AJDABIYA, Libya (AP) — Libyan rebels battled to hold a strategic eastern city against a punishing offensive by forces loyal to Moammar Gadhafi on Wednesday, voicing anger and frustration at the West for not coming to their aid. At the same time, government troops heavily shelled the last main rebel bastion near the capital.

Charred vehicles, bullet-riddled pickup trucks and an overturned tank littered the desert highway where pro-Gadhafi forces had fought up to the entrance of the key eastern city of Ajdabiya. An Associated Press Television News cameraman counted at least three bodies by the side of the road, evidence of fierce battles. Government troops were bringing in a stream of truckloads of ammunition, rockets and supplies — signs of an intensified effort by the Libyan leader to retake control of the country he has ruled with an iron fist for more than four decades.

The rebels lashed out at the West as the latest international effort to impose a no-fly zone over Libya stumbled along. Supporters in the U.N. Security Council were trying to push through a resolution to impose such a move along with other measures aimed at preventing Gadhafi from bombing his people, but Russia and Germany have expressed doubts.

U.N. Secretary-General Ban Ki-moon urged all sides to accept an immediate cease-fire. He warned Gadhafi’s forces against a march on Benghazi, the opposition’s de facto capital in the east, saying that “a campaign to bombard such an urban center would massively place civilian lives at risk.”

Ajdabiya, a city of 140,000, is the gateway to the rebel-held eastern half of Libya and if Gadhafi troops take it, Benghazi would likely be their next target.
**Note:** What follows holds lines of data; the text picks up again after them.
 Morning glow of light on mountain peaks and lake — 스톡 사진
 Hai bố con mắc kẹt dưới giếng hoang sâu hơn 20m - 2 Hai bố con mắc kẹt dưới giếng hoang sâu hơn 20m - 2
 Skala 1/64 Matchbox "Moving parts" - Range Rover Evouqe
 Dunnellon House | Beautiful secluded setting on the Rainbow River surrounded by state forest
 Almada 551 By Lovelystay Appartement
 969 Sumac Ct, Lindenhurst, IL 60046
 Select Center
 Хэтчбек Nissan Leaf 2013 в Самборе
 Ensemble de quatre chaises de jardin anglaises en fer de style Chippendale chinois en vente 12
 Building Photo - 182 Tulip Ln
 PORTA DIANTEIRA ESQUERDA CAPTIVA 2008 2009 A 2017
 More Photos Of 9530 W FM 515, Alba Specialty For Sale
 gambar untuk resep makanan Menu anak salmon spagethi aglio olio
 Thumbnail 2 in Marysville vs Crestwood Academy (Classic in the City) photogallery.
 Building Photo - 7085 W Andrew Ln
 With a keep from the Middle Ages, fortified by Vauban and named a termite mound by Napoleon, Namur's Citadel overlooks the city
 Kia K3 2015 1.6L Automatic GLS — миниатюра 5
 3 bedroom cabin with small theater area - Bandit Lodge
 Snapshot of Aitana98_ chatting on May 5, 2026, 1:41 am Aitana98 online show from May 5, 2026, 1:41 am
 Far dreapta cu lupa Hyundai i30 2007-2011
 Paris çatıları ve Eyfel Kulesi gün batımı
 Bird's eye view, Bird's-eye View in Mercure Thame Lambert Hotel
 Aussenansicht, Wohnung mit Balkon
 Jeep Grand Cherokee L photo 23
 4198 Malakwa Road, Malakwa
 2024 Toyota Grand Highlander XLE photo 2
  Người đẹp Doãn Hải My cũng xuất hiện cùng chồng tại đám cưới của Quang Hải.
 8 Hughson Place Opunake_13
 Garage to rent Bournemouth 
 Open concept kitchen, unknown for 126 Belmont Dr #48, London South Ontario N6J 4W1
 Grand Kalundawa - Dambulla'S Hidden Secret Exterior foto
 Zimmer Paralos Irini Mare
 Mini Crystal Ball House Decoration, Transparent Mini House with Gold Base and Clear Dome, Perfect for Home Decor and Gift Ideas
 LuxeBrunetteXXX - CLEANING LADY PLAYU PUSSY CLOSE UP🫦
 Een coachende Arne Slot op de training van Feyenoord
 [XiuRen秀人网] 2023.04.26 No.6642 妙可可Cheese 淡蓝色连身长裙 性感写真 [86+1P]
A powerful regime force advancing from the west has been relentlessly bombarding Ajdabiya the past two days, raining rockets and artillery and tank shells on the city, sending most of its population fleeing.

Hundreds of pro-Gadhafi troops were lined up with dozens of tanks and other heavy equipment at the arches over the highway marking Ajdabiya’s western gates. The AP and other journalists brought to the scene by government escorts saw regime forces bringing in large truckloads of ammunition and equipment — a sign that that the troops were gearing up to try to sweep through Ajdabiya and likely beyond.

Rebels in Benghazi had sent reinforcements, moving in within a few miles of Ajdabiya and battling with government forces on the eastern side of the city, said a local activist, Abdul-Bari Zwei, and another activist in Benghazi in touch with fighters on the ground in the city.

Opposition officials said rebel warplanes struck at pro-Gadhafi forces near the western gate — the first time the rebels have struck from the air at troops on the ground. A gas station attendant on the highway said he saw a rebel helicopter firing rockets and machine guns. A colonel in the pro-Gadhafi force, Moftah Sabia, said the rebels did have some aircraft that they had used against the troops.